_PROBLEM_. With the images left out, print every entry that follows exactly.

[Opening DATA SHOWN section]

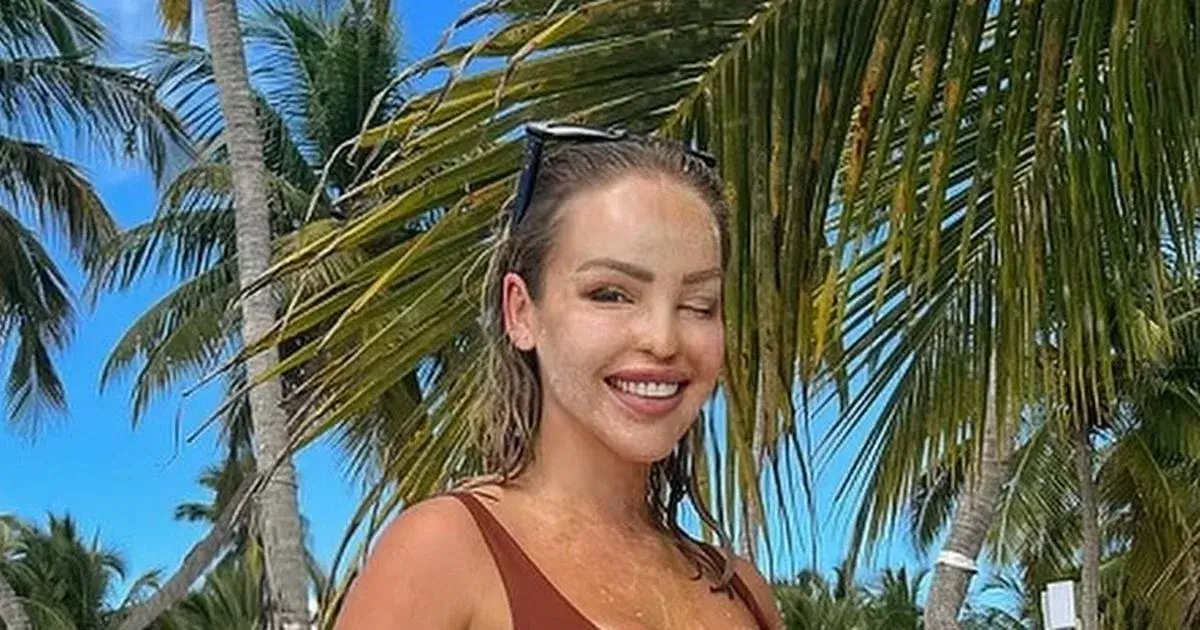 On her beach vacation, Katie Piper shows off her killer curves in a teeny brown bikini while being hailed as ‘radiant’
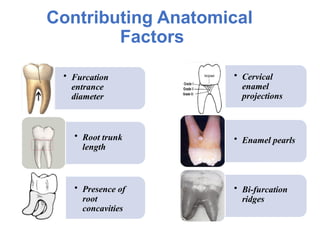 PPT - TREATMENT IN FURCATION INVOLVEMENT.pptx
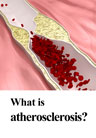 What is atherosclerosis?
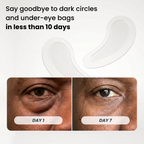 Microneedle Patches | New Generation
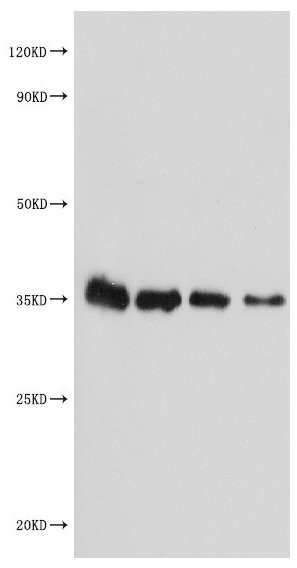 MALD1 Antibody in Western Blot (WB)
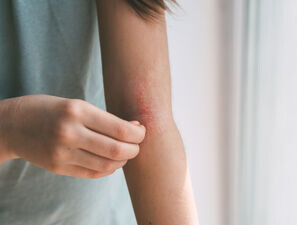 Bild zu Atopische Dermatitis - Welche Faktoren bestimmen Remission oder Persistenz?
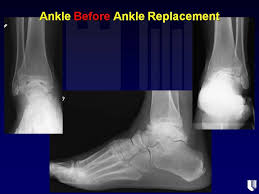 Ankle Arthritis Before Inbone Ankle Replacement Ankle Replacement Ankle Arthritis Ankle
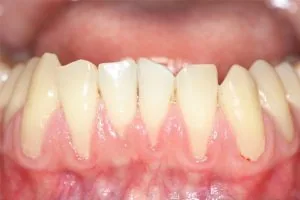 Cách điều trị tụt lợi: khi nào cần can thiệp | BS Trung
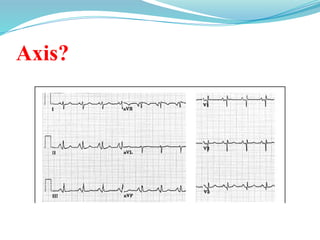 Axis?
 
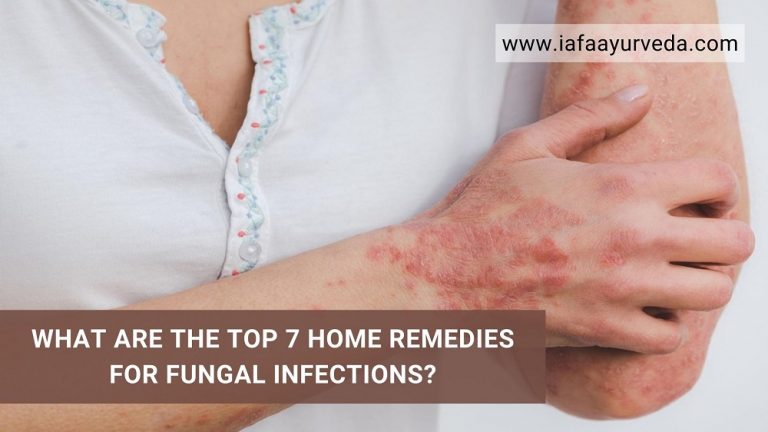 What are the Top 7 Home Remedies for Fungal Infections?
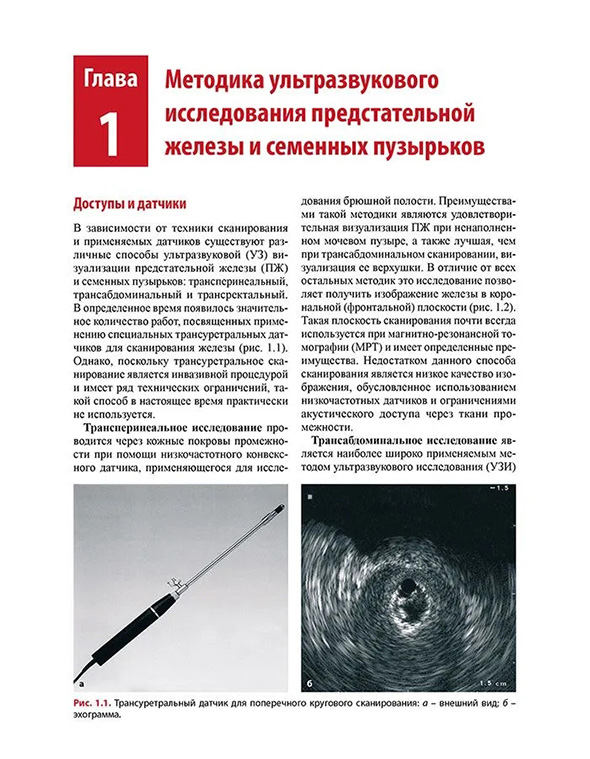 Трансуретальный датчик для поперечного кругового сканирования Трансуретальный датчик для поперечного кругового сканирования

[Closing DATA SHOWN section]

_OUTPUT OF THE EXERCISE_.
 On her beach vacation, Katie Piper shows off her killer curves in a teeny brown bikini while being hailed as ‘radiant’
 PPT - TREATMENT IN FURCATION INVOLVEMENT.pptx
 What is atherosclerosis?
 Microneedle Patches | New Generation
 MALD1 Antibody in Western Blot (WB)
 Bild zu Atopische Dermatitis - Welche Faktoren bestimmen Remission oder Persistenz?
 Ankle Arthritis Before Inbone Ankle Replacement Ankle Replacement Ankle Arthritis Ankle
 Cách điều trị tụt lợi: khi nào cần can thiệp | BS Trung
 Axis?
 
 What are the Top 7 Home Remedies for Fungal Infections?
 Трансуретальный датчик для поперечного кругового сканирования Трансуретальный датчик для поперечного кругового сканирования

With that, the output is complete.